* ACTION ITEM: Lines before the one containing "Thực hiện nghi&ecirc;m" are to be left out; reproduce that line and all the rest of the entries exactly.

* RAW DATA:
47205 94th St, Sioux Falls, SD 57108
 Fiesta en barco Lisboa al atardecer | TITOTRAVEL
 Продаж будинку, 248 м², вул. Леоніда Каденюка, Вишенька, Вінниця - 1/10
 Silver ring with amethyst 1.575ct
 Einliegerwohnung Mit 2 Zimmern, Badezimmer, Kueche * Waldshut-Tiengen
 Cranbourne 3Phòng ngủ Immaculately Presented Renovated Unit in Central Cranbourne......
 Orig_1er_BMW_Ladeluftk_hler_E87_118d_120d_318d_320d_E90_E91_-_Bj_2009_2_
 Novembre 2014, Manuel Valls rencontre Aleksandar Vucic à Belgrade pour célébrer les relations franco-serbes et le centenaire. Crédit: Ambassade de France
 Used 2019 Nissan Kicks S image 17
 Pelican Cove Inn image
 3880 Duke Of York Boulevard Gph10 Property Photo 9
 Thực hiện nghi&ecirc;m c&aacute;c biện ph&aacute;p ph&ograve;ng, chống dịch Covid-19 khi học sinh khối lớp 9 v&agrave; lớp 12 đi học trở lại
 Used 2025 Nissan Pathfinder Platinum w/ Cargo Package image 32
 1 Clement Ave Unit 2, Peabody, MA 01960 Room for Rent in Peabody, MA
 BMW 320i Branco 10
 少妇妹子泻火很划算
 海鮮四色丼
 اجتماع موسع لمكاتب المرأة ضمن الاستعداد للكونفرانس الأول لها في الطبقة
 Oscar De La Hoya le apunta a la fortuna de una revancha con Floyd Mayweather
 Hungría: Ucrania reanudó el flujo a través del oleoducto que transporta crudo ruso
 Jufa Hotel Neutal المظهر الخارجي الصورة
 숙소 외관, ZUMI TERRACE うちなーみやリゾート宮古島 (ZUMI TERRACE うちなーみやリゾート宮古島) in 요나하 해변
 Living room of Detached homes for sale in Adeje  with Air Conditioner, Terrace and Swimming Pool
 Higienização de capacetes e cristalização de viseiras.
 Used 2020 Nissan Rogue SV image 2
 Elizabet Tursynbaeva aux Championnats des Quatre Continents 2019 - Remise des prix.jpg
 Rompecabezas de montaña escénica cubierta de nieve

* COMPLETED EXERCISE:
 Thực hiện nghi&ecirc;m c&aacute;c biện ph&aacute;p ph&ograve;ng, chống dịch Covid-19 khi học sinh khối lớp 9 v&agrave; lớp 12 đi học trở lại
 Used 2025 Nissan Pathfinder Platinum w/ Cargo Package image 32
 1 Clement Ave Unit 2, Peabody, MA 01960 Room for Rent in Peabody, MA
 BMW 320i Branco 10
 少妇妹子泻火很划算
 海鮮四色丼
 اجتماع موسع لمكاتب المرأة ضمن الاستعداد للكونفرانس الأول لها في الطبقة
 Oscar De La Hoya le apunta a la fortuna de una revancha con Floyd Mayweather
 Hungría: Ucrania reanudó el flujo a través del oleoducto que transporta crudo ruso
 Jufa Hotel Neutal المظهر الخارجي الصورة
 숙소 외관, ZUMI TERRACE うちなーみやリゾート宮古島 (ZUMI TERRACE うちなーみやリゾート宮古島) in 요나하 해변
 Living room of Detached homes for sale in Adeje  with Air Conditioner, Terrace and Swimming Pool
 Higienização de capacetes e cristalização de viseiras.
 Used 2020 Nissan Rogue SV image 2
 Elizabet Tursynbaeva aux Championnats des Quatre Continents 2019 - Remise des prix.jpg
 Rompecabezas de montaña escénica cubierta de nieve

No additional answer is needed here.